▶ **Data**

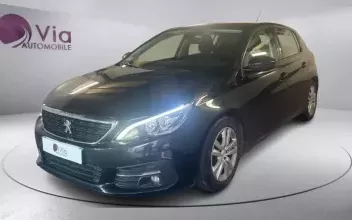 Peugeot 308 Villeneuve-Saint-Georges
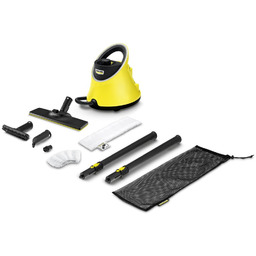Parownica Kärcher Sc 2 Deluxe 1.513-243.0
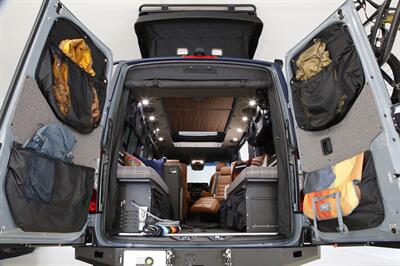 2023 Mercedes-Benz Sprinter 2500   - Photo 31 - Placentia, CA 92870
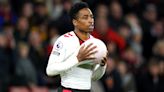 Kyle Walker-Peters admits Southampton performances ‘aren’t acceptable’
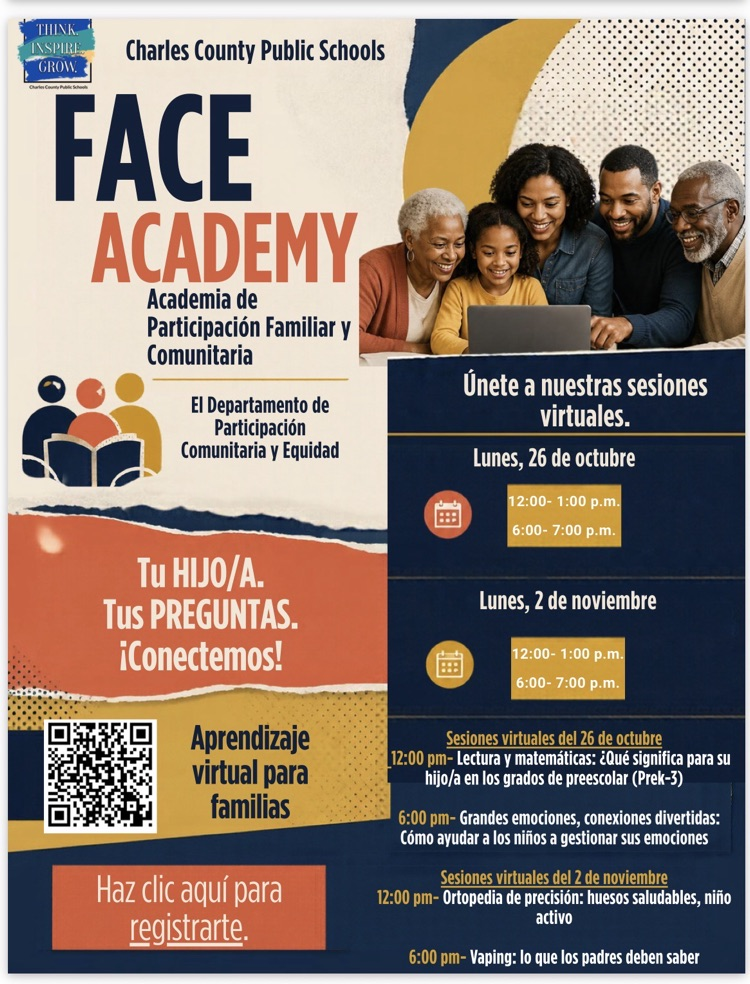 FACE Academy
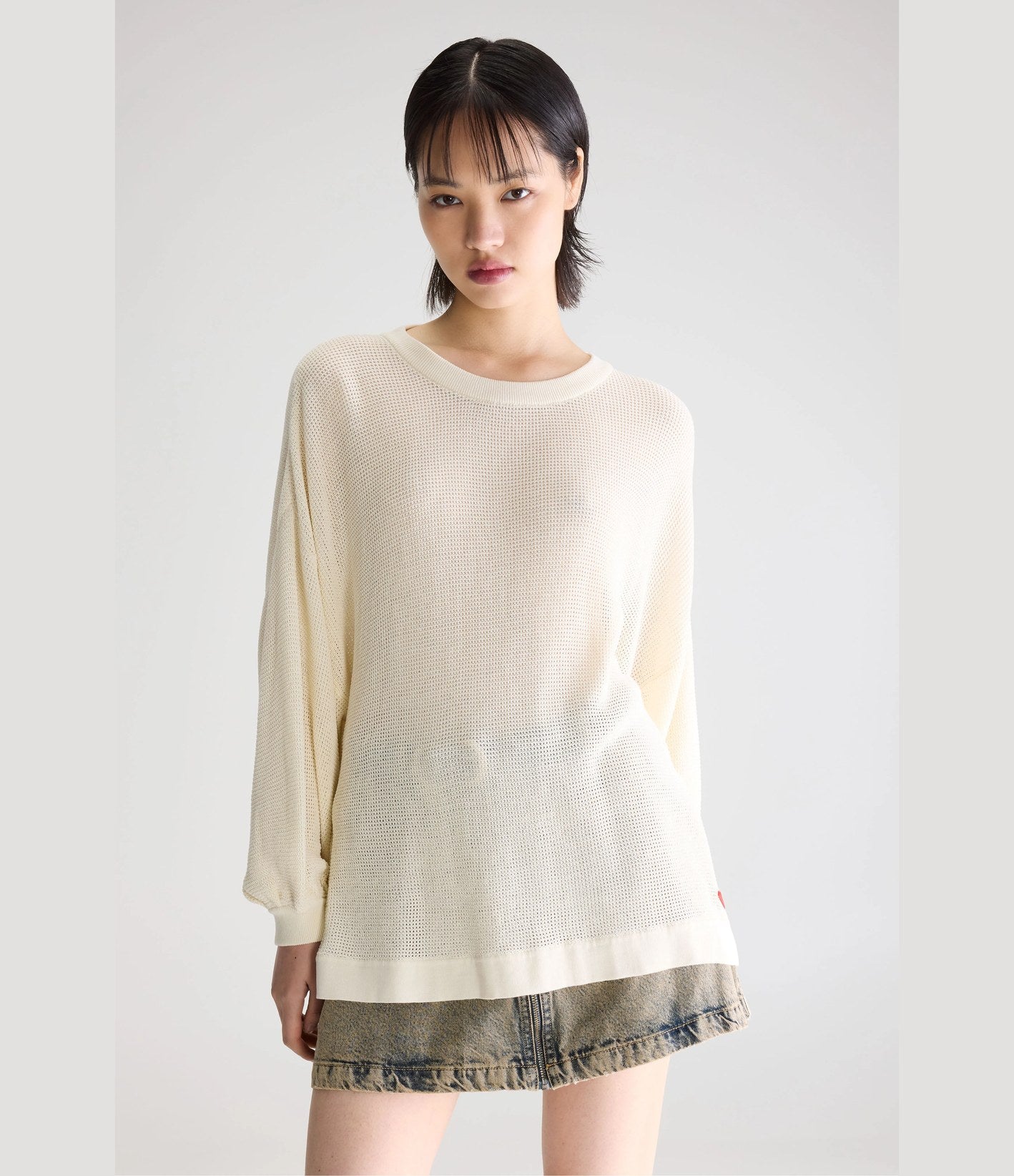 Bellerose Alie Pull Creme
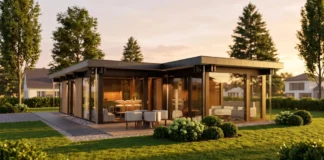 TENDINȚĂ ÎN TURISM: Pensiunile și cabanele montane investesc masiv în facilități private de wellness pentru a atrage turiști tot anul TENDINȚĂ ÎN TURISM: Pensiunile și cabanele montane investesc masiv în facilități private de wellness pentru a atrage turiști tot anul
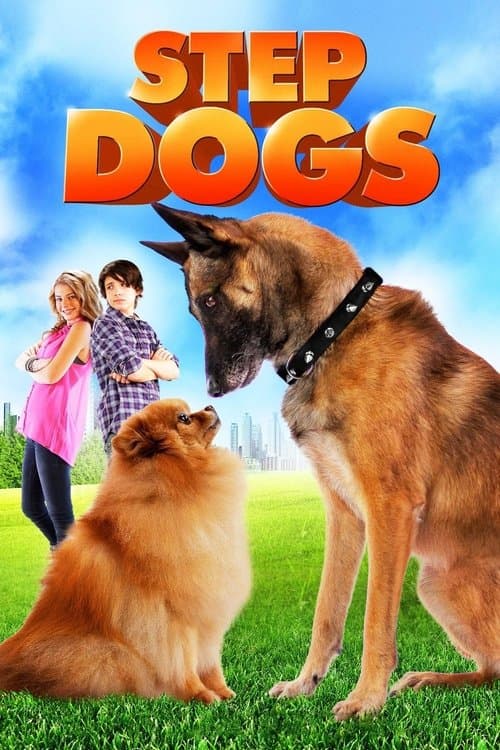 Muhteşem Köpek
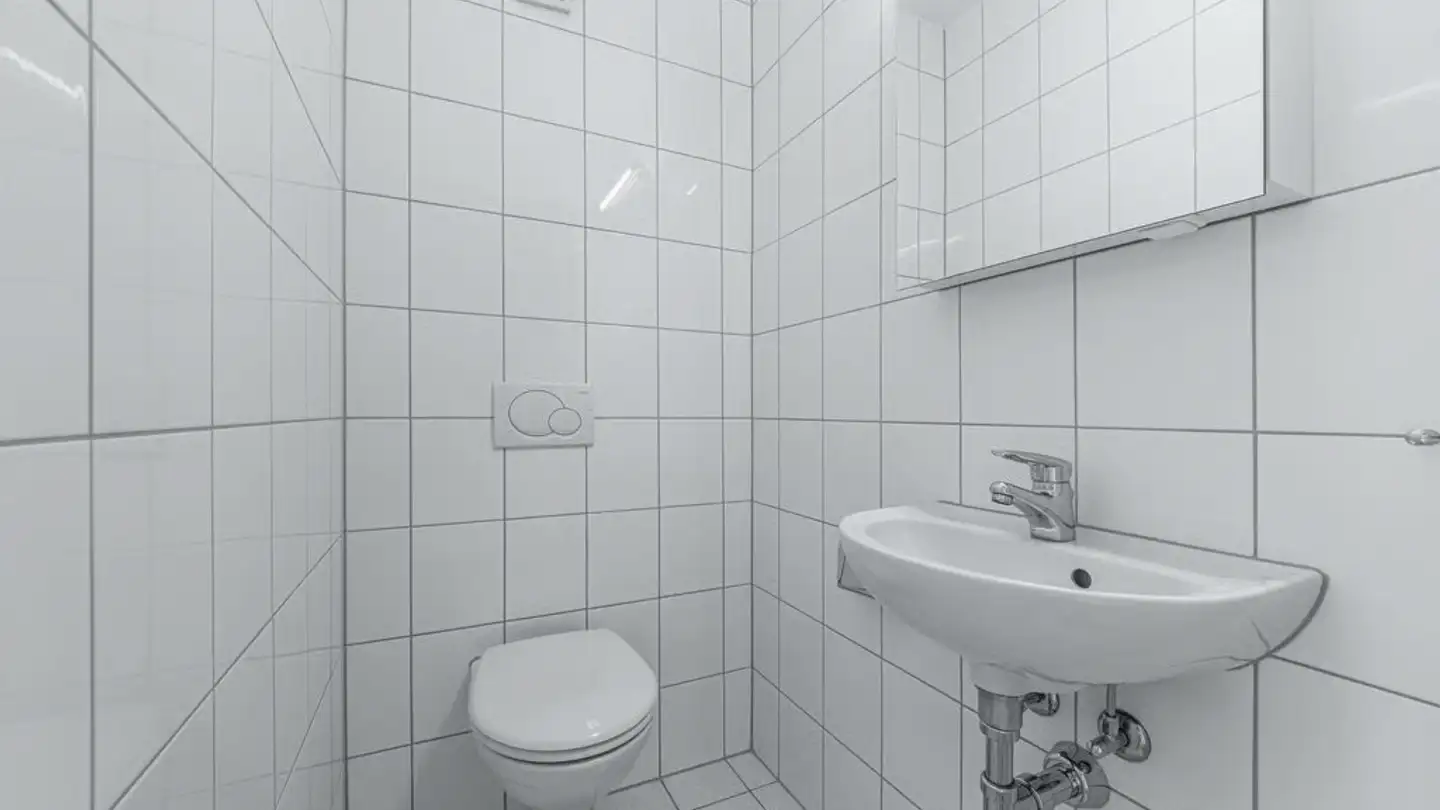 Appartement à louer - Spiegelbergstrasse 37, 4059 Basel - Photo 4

▶ **Task instructions**
In the reply, each line of the data must appear exactly as written, and no picture may appear.

▶ **Response**
 Peugeot 308 Villeneuve-Saint-Georges
Parownica Kärcher Sc 2 Deluxe 1.513-243.0
 2023 Mercedes-Benz Sprinter 2500   - Photo 31 - Placentia, CA 92870
 Kyle Walker-Peters admits Southampton performances ‘aren’t acceptable’
 FACE Academy
 Bellerose Alie Pull Creme
 TENDINȚĂ ÎN TURISM: Pensiunile și cabanele montane investesc masiv în facilități private de wellness pentru a atrage turiști tot anul TENDINȚĂ ÎN TURISM: Pensiunile și cabanele montane investesc masiv în facilități private de wellness pentru a atrage turiști tot anul
 Muhteşem Köpek
 Appartement à louer - Spiegelbergstrasse 37, 4059 Basel - Photo 4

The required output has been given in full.